Stratas has permitted the half-dozen motions only on very narrow grounds and struck down a broad swath of others in their totality. He rejects entirely the notion that the federal government’s purchase of the pipeline puts them in a conflict of interest. “The Governor in Council is not the Government of Canada,” he wrote. “The Governor in Council, the decision-maker here, does not own the project.” Bam. Done.
Stratas also entirely dismisses appeals made on environmental grounds. “The Governor in Council found that compelling public interest considerations clearly outweighed the adverse environmental effects. The decisive and emphatic nature of (that finding) leads inexorably to the conclusion (that) the Governor in Council would still conclude the project is, on balance, in the public interest and would still approve it.” A series of miscellaneous objections, Stratas notes, have already been addressed in the pipeline’s favour and will not be relitigated.
But there are the six motions he allowed, of course. And this is where things start to become awkward for the prime minister.
Every party will benefit from this, with the exception of the incumbent
Stratas allowed the motions on the narrow grounds that it is arguable that mandated requirements for Indigenous consultation still have not been met. Stratas grants that there was additional consultation, notes that Indigenous groups deemed it insufficient, and, critically, notes further that the federal government took no position at all. While Indigenous and First Nations groups filed objections to the new consultation process “consisting of many thousands of detailed pages,” the federal government, “including the Attorney General of Canada representing the Government of Canada, took no position for or against” the motions. “The respondents did state that if leave were granted and applications for judicial review were brought they would support the Governor in Council’s decision and oppose the applicants,” Stratas said. “But on the leave motions they offered no submissions or evidence to assist the Court.”

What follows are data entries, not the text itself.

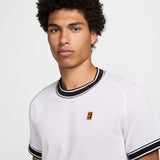 Camiseta Nike Court Heritage Masculina - Branca/Preta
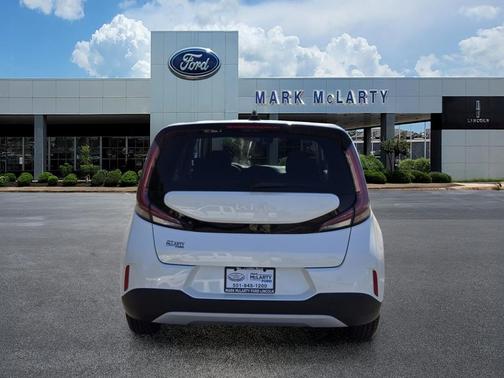 Snow White Pearl 2023 Kia Soul LX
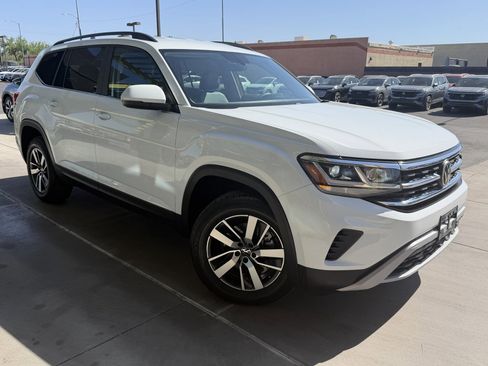 Used 2022 Volkswagen Atlas SE FWD image 6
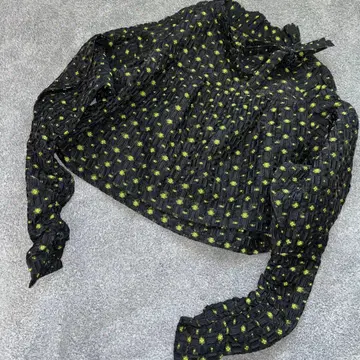 SANSeLF 플라워 블라우스 블랙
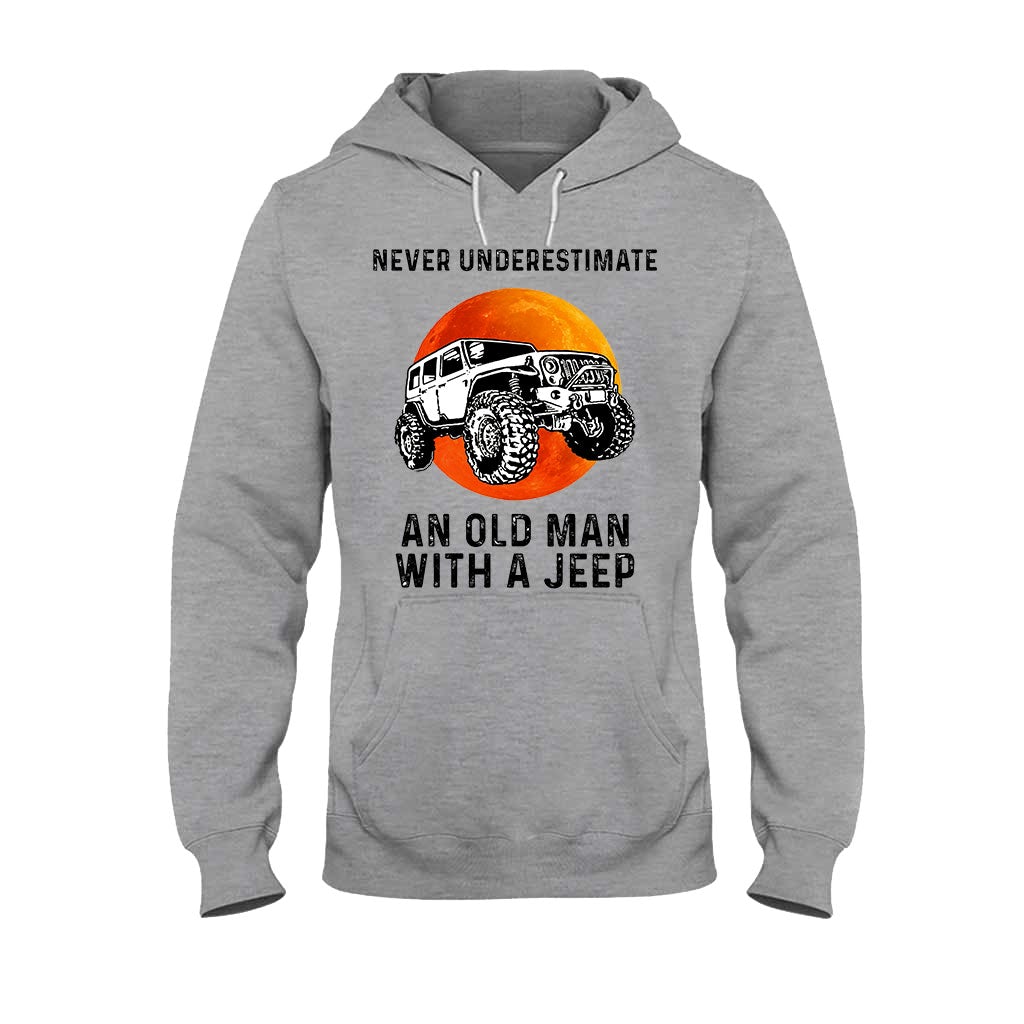 Never Underestimate An Old Man - Car T-shirt and Hoodie 1121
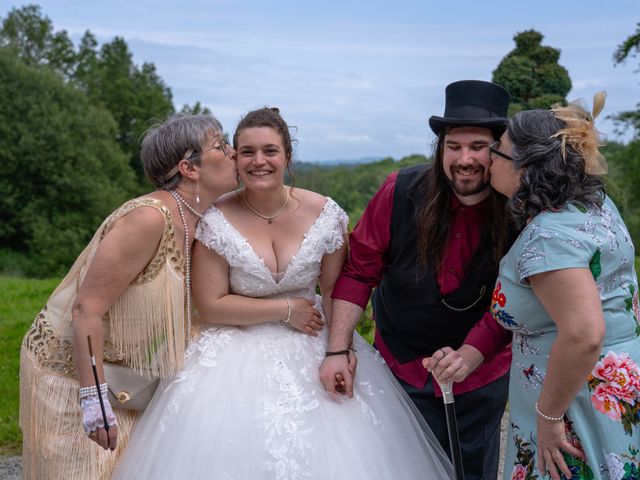 Le mariage de Loris et Louise à Saint-Laurent-les-Églises, Haute-Vienne 36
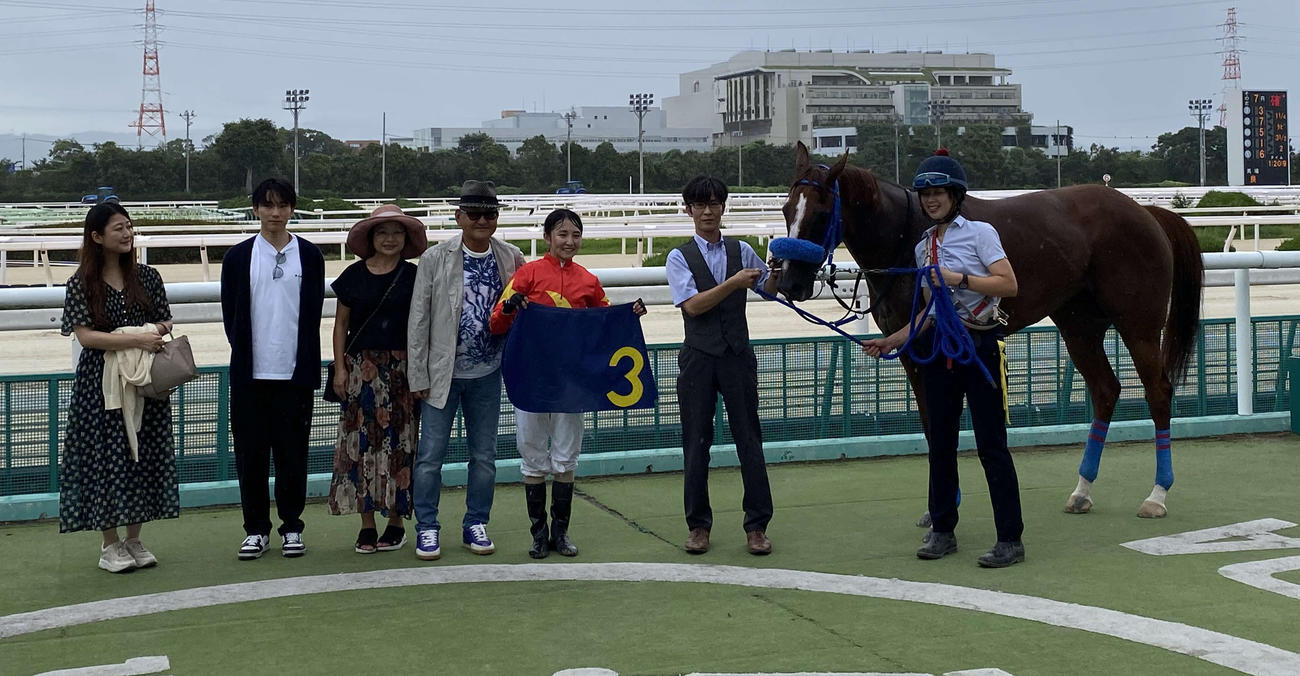 7日の園田7Rで園田初勝利を挙げた古川奈穂騎手（右から3人目）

I’m no lawyer. But it’s hard to read that as anything else than Stratas saying, in an adversarial system, when one side doesn’t show up, the other gets to have their say.
So there will be reviews. Stratas has ordered that they be narrowly focused on the specific issue of whether the new consultations were sufficient, and wants the review completed “very quickly,” citing “substantial public interest” in a rapid conclusion. “Very quickly,” of course, is obviously relative — we’re talking about Canadian courts here. But it’s conceivable that the reviews could be wrapped up in a matter of months. Before the end of the year, perhaps.

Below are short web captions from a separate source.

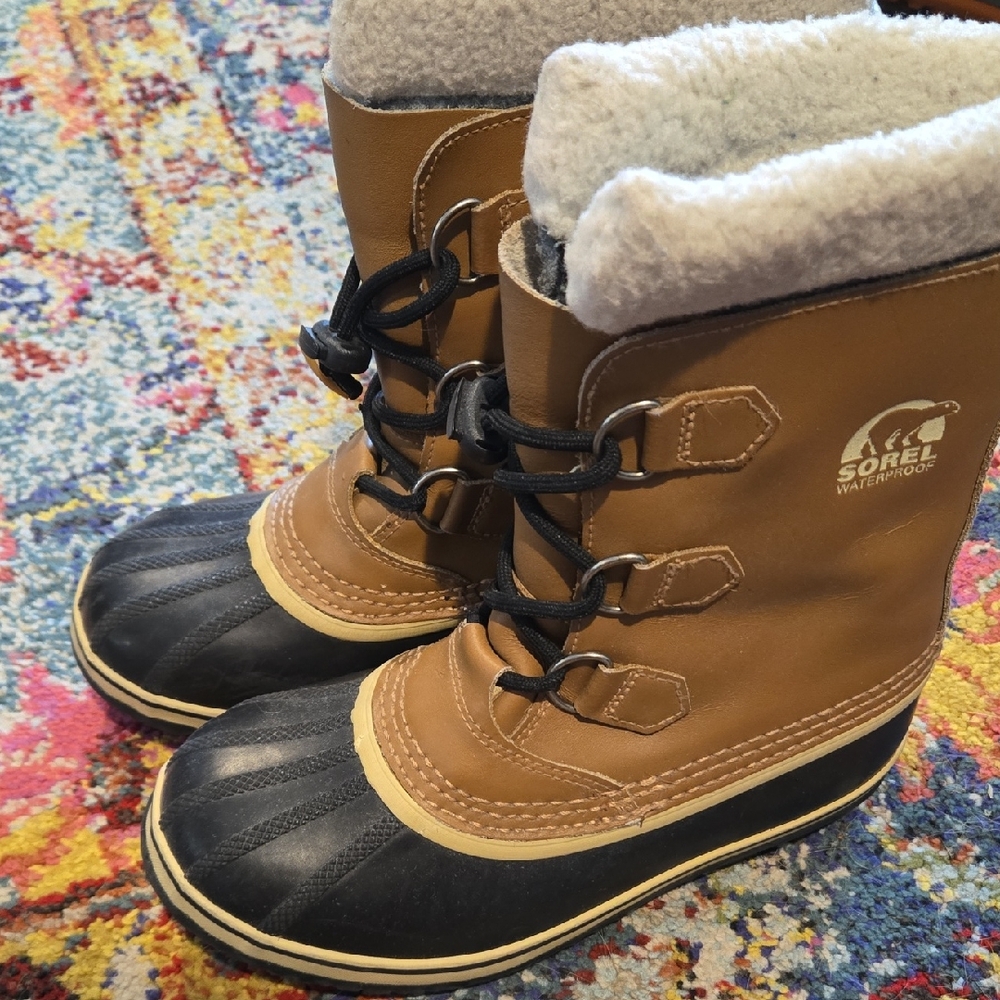 Kids Sorel Insulated Tan and Black Winter Boots
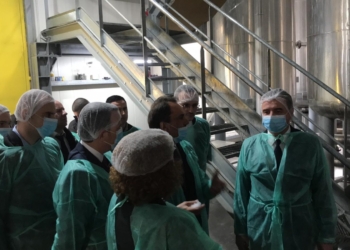 Kurti viziton fabrikën e vajit në Gjilan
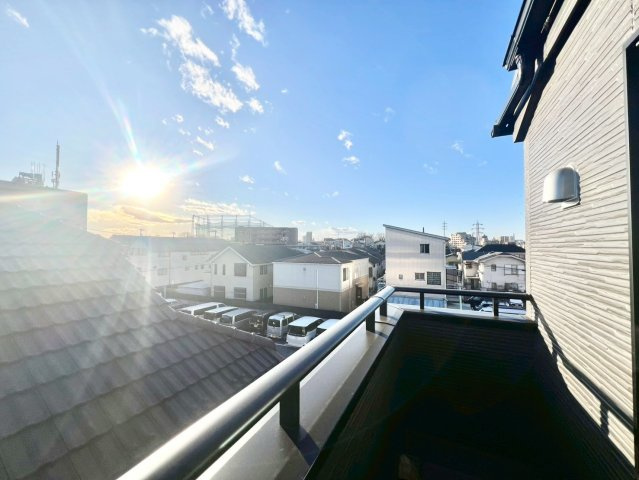 練馬区貫井4丁目　新築戸建のバルコニー|2026.01.26撮影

It is increasingly a national unity issue
If that’s the case, and the pipeline gets built, Wednesday’s ruling is a bump in an already rocky road. But the matter is not likely to be settled in the next seven weeks. And that means the Liberals are going into the next campaign with this issue once again at top of mind.

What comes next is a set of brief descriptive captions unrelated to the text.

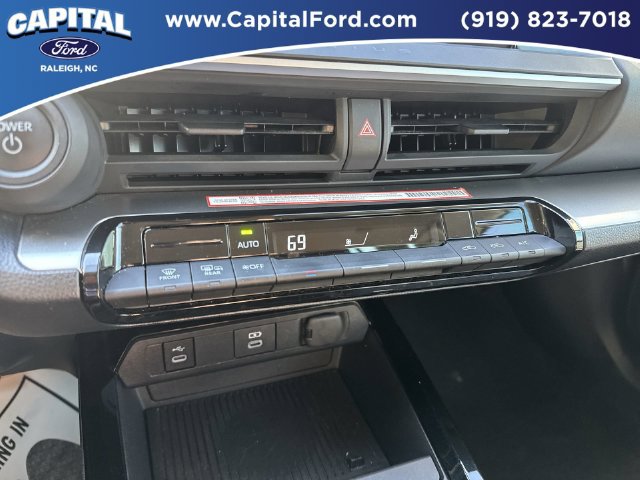 Used 2025 Toyota Prius LE FWD image 29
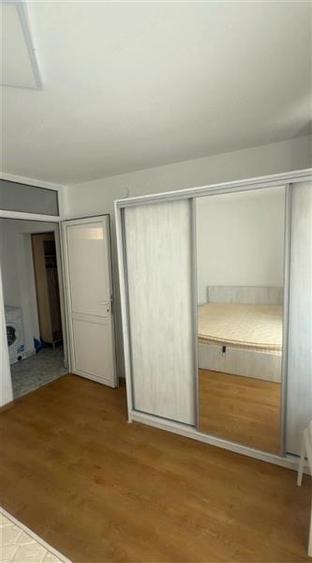 Apartament cu 2 camere decomandat, mobilat în Brâncoveanu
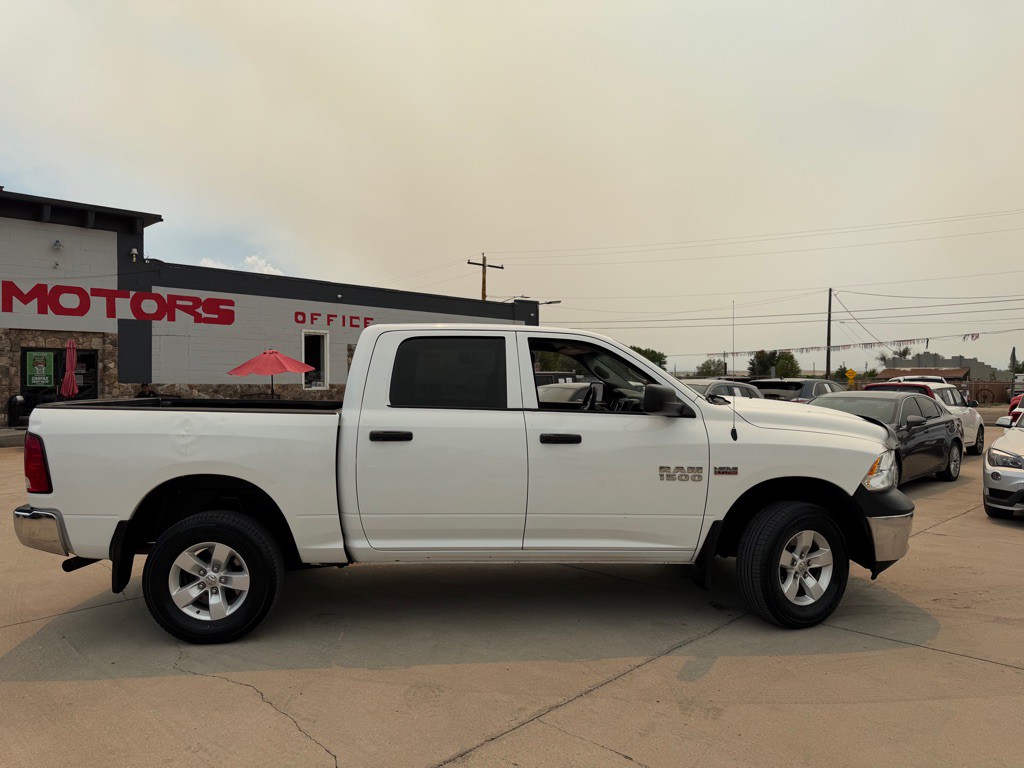 2014 RAM 1500 Image 2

What will the Liberal message be for those seven weeks? There has never been a Liberal position on Trans Mountain that’s even remotely coherent. The strongest signal they’ve sent is obviously buying it — but then they don’t bother arguing against its opponents? The Tories are going to spend the next seven weeks raining (hopefully metaphorical) artillery down on the Liberals on this, asking why the government spent billions buying a pipeline they didn’t bother to show up and advocate for in court. And anything the Liberals say will just give the NDP and the Greens an opportunity to remind the left that Trudeau is building an oil pipeline.
Pipeline issues were always going to be an issue in this campaign. But now it’s a live issue again. Every party will benefit from this, with the exception of the incumbents. And they seem to have done little to prevent that from happening.
It’s baffling, but it’s what happened. Trans Mountain is front and centre. With the election now just weeks away.